Several companies sell internet- or paper and pencil-based honesty tests. These test are inexpensive, easy to administer and of some value when hiring factory workers and retail sales people. Unfortunately, they are easy to game. If the test taker can figure out which answer someone who has no tolerance for lies would choose, he can pass the test. I have yet to meet an investment manager who wasn’t smart enough to game these tests.
Several firms sell voice stress analyzers, the theory here being that someone stressed is more likely to be lying than someone who is not. Unfortunately, the evidence I have seen shows that these machines aren’t very good at detecting stress. More important, stress can be caused by many things, including fear of losing an important sale. Moreover, a person who tells the same lie repeatedly eventually learns to cover his tracks and, worse, loses his fear. By the time you talk to him, he may be impossible to catch. All of this supports the position of Frank Russell’s manager or, at least, one possible interpretation of what he said.
This leaves questioning and observation as the Fund of Funds manager’s only real tools. Standard police interviewing technique is to make the suspect go over his story again and again and watch for discrepancies—another technique that is unavailable to us. Fortunately, even under fairly cursory questioning, liars sometimes let the truth leak out.
Consider, for example, an interview a hedge fund manager once gave to a certain well know investor. According to the investor, the hedge fund manager told the investor how he grew up poor and how important it was for him to win, which was exactly what the investor wanted to hear. Later, when the investor asked him where the seed money for his fund came from, the hedge fund manager told him it came from his trust fund. I had a childhood something like that myself. I was dirt poor. My tutors, my maids and my butlers hardly ever had enough to eat. My chauffeur had one shabby little outfit and had to make due with a three year old Rolls Royce. But for my single minded efforts to claw my way out of that ghetto, to earn the trust fund I deserved, I would be there now. But I digress.
In fiction, contradictions are an infallible indicator of lies, but the example above to the contrary; this is not always true in real life. In real life, people misremember, confuse one event with another. Ahem. Despite considerable effort, I can’t track down the source of the story above. Perhaps, my ‘example’ is just another bad memory.
More, while leakage is frequent in fiction, it is far less common in real life. The more types of slips the FOF manager can watch for, therefore, the more likely he is to catch a lie. The FOF manager, therefore, should listen for slips of the tongue, tirades, convoluted answers to simple questions, and inappropriate use of grammar. More, the FOF manager should listen to the HF manager’s tone of voice, and watch his face, posture and body movements. With the exception of slips of the tongue, all the FOF manager can hope to discover is the liar’s true emotions, but sometimes this is enough.

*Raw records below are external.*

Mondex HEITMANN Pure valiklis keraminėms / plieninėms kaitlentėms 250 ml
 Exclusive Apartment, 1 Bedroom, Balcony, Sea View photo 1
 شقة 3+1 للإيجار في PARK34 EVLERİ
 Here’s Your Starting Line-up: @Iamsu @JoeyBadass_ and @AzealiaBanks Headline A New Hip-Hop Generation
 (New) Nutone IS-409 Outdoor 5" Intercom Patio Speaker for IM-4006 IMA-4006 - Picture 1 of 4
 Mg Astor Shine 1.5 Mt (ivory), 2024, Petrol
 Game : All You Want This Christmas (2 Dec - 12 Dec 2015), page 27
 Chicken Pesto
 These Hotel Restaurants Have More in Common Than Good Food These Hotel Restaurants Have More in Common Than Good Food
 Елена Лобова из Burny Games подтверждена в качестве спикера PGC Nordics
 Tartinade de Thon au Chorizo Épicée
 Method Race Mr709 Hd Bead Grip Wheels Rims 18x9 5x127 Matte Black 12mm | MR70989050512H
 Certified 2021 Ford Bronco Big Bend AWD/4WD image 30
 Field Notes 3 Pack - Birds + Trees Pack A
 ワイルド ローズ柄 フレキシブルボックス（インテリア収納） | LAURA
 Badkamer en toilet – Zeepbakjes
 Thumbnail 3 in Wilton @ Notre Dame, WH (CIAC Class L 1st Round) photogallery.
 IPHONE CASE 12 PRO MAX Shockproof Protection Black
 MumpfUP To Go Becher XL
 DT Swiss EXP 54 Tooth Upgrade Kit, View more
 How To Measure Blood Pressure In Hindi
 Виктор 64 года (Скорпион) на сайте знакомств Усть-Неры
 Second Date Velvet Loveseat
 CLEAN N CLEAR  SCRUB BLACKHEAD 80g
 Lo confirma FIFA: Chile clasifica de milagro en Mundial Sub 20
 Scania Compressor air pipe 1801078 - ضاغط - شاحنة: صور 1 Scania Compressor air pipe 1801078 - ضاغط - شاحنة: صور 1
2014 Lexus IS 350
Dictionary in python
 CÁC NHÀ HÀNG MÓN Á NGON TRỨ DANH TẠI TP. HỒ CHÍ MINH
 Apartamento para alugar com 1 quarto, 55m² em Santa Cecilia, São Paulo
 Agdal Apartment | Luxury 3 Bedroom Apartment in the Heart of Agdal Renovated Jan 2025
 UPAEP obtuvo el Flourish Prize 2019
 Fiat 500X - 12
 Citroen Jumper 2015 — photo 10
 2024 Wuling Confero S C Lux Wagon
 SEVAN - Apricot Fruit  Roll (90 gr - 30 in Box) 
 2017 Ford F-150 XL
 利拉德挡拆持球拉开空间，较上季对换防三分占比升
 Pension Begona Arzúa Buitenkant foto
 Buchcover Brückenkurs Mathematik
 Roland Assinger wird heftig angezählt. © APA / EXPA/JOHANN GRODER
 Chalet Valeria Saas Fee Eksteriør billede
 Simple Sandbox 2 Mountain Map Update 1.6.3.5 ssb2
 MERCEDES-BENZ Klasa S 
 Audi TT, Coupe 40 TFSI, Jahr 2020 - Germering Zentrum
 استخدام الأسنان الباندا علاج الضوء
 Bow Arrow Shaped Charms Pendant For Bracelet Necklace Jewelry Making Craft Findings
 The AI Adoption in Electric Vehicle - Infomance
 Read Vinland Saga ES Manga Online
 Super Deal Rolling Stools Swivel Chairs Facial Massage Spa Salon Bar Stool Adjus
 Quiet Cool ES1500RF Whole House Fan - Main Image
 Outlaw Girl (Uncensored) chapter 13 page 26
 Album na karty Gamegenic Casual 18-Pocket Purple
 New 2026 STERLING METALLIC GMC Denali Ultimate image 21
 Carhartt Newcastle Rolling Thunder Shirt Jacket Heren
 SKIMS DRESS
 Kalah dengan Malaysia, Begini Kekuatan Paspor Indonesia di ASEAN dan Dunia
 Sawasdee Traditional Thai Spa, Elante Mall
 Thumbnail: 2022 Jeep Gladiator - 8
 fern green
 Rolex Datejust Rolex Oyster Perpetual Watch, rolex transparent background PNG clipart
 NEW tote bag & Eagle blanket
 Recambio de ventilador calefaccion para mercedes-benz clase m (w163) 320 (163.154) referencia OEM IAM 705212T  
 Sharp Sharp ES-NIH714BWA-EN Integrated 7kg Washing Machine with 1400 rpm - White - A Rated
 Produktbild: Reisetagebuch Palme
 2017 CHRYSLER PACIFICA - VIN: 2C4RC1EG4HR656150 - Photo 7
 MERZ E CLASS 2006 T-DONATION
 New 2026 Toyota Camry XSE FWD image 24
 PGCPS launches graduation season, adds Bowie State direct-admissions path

For example, “Oscar”, a trader I once knew, now manages a European Hedge Fund. Several years ago, I talked to someone who said he had interviewed Oscar as part of a due diligence review. My informant said he repeatedly asked Oscar about his track record prior to starting his hedge fund, which, according to my informant, was not listed on his disclosure document. As far as I know, nothing prevented Oscar from disclosing his prior track record other than the fact it was dismal. But Oscar just sat there, professional and composed, repeatedly saying that his non-disclosure agreement prevented him from revealing his previous returns, all the while his right hand was flat on the table in front of him, palm down, middle finger extended.
Paul Ekman, whose work on lying is the backbone of my own thinking on the subject, calls Oscar’s use of his finger an “emblem.” An emblem is a gesture, usually intended, whose meaning is clear. An unintended emblem is something like a slip of the tongue, it is such a rare and revealing event that the FOF manager can usually assume it means exactly what it seems to mean.
Oscar almost certainly did not intend to give my informant the finger. His manners are better than mine are. More important, unless he was confronted with a photograph or a movie, he would certainly deny that he had done so. An unintended emblem is one of many types of behaviors poker players call a ‘tell’, a term I would like to see in wider use. A tell is a verbal or non-verbal slip, a mistake that gives your opponent information you don’t want them to have. Tirades, convoluted answers to simple questions, particular tones of voice, and other potential tells are not rare and cannot be taken at face value, certainly not as signs of deceit. Some people just talk funny. Me, for example. The FOF manager needs to listen carefully, comparing what the HF manager says to what he knows about the HF manager’s history and the way the HF manager usually talks and behaves. For example, a HF manager who usually gives straightforward answers, and then suddenly starts giving convoluted answers when asked about what he did for a particular employer might well be lying. On the other hand, if the manager usually gives convoluted answers, this is no evidence at all.
Most lies are caught, if they are caught at all, during due diligence reviews or managerial audits. Less often, lies are caught during social events. Both venues are useful, but they must be used differently.
It is important to understand that while the Fund of Funds manager has a right to demand honest answers from the people he questions, the people he questions have no similar claim. As part of the managerial interview, the Fund of Funds manager may lie ethically as he might in the theater, in magic, in poker and for exactly the same reasons. Not incidentally, in writing this article, I have changed certain small details in some of my anecdotes in order to protect the guilty and, of course, to make myself seem more important and influential than I am.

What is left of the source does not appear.